LAHORE - The equity market, which has posted a gain of around 45 per cent so far, is expected to grow by 50 per cent at the end of the current fiscal year of 2013-14, as LSE is trying to ensure institutional investors participation in developing the domestic capital market.
This was stated by the LSE MD Aftab Ch while talking to The Nation. He said though the trend of equity public offerings at Karachi bourse remained depressing, as apart from few technical listings, Pakistan equity market saw only three Initial Public Offerings in the closing calendar year 2013, however, he believed that at least five more IPOs are expected totaling the figure of eight Initial Public Offerings by the end of the current fiscal year, as talks are under way with several companies in this regard.
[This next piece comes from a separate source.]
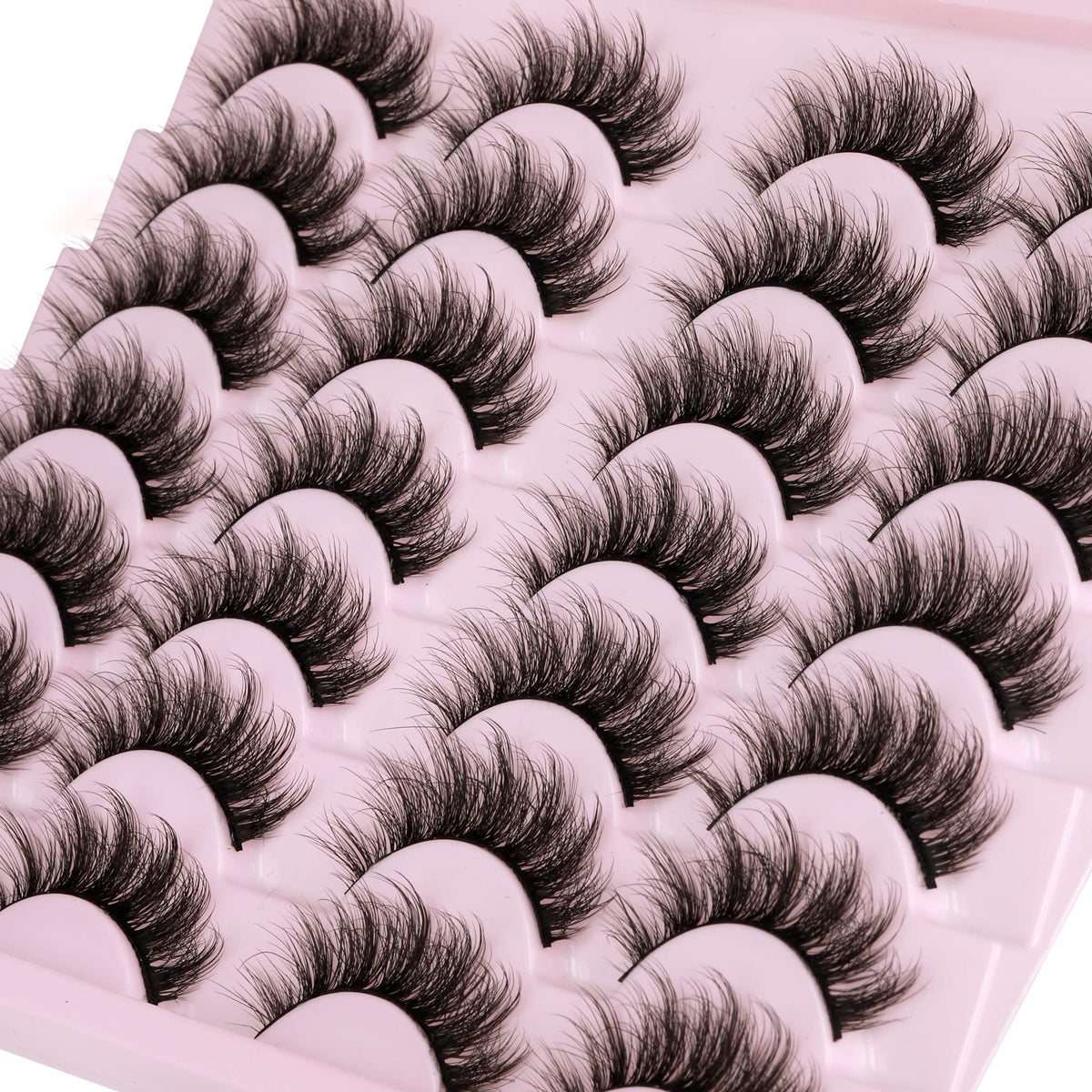 14 Pairs Wispy Mink Lashes False Eye Lashes Natural Look 5D Volume 16mm Fake Eyelashes Pack by TNFVLONEINS TNFVLONEINS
LSE MD said that all three IPOs of outgoing year 2013 took place after the PML (N) government came into power in May 2013. It indicates investors’ confidence and high expectations with the new incumbent government.
He said that listing of companies on the local bourse remained at low levels after the financial crisis of 2008. Strict code of conduct for listed companies, slowdown in industrial growth, absence of government offerings and no incentives between listed and unlisted firms are affecting this trend. Since 2008, an average 4 new companies have offered their shares every year (excluding right shares) to public versus 30 IPOs a year in 1990s and 7 every year between 2000 and 2007. “We may see improvement in IPOs in 2014 as issuers may realize that improving market may be tapped to raise funds. We expect that next year public offering could be triggered by government through privatization of state owned entities to raise the much needed funds.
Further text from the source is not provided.